- Born: December 25, 1957 (age 67) Amsterdam, NED
- Height: 6 ft 1 in (185 cm)
- Weight: 192 lb (87 kg; 13 st 10 lb)
- Position: Defence
- Played for: Amstel Tijgers ESV Trier 's-Hertogenbosch Red Eagles
- National team: Netherlands
- Playing career: 1977–1990

= William Klooster =

Dutch ice hockey player

William Eduard Antonio Klooster (born December 25, 1957) is a former Dutch ice hockey player, born in Amsterdam, North Holland. A defenceman, he competed for the Netherlands national ice hockey team at both the 1980 Winter Olympics and the 1981 World Ice Hockey Championships.

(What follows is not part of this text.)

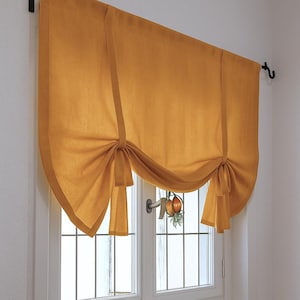 Op de afbeelding: Mosterdkleurig Romeins rolgordijn, vastgebonden met bijpassende stoffen banden. Het gordijn hangt boven een wit raam met een rasterpatroon. Het raam staat in een witte muur.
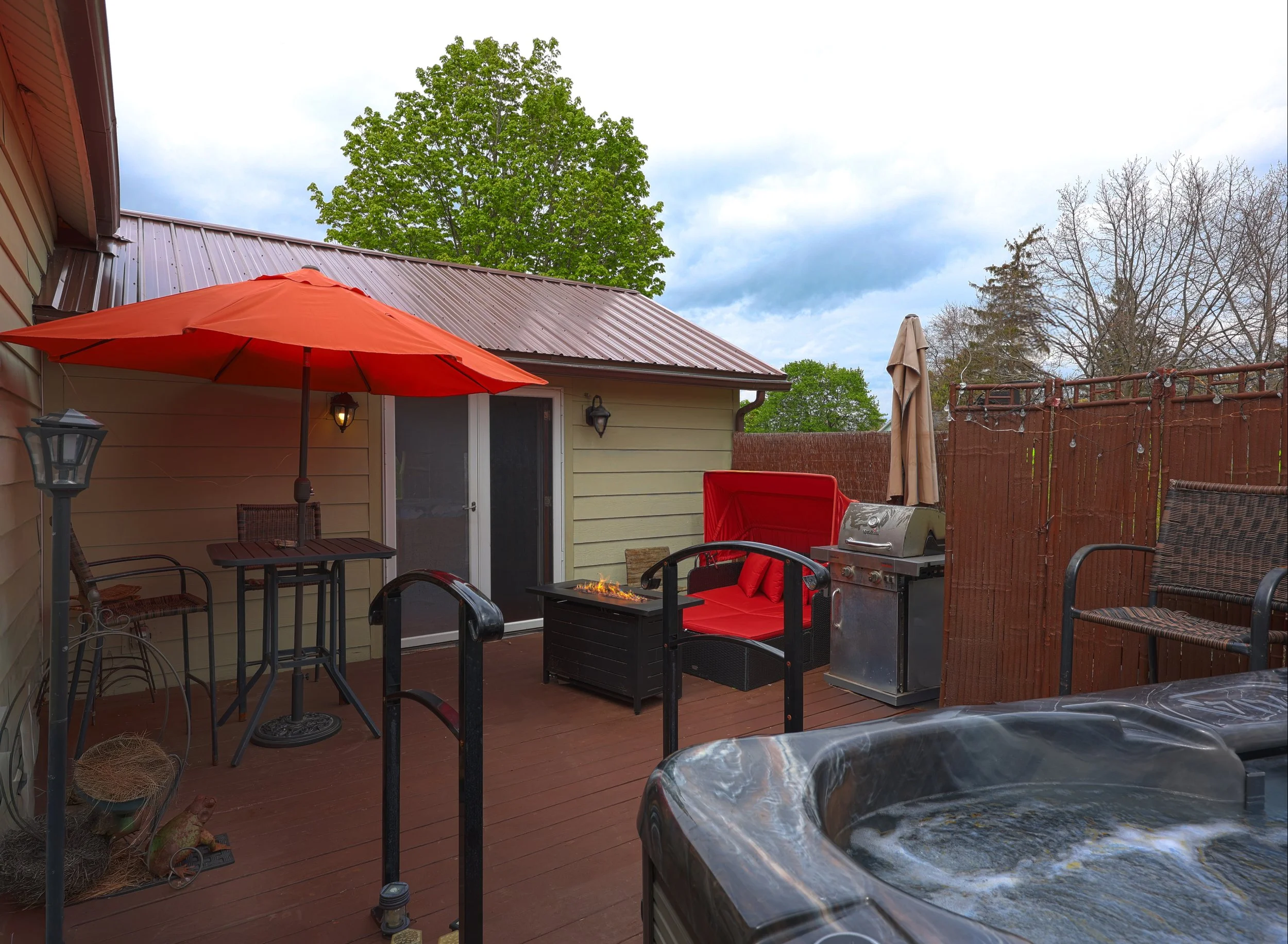 A backyard patio with a red umbrella, outdoor furniture including chairs and a sofa, a barbecue grill, string lights, and a fenced area with trees and a cloudy sky.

Klooster began his senior club career in 1977 with Tigers Amsterdam. He played intermittently with Tigers until 1989 when he joined 's-Hertogenbosch Red Eagles for a season. He played for Regionalliga side Trier Huskies in 1989–90.

As a member of the Netherlands men's national ice hockey team, Klooster had an offensive Olympic campaign in Lake Placid, scoring 3 goals and collecting 5 points in 5 games. He went scoreless in all 8 of Netherlands's games at the 1981 World Ice Hockey Championships the following year.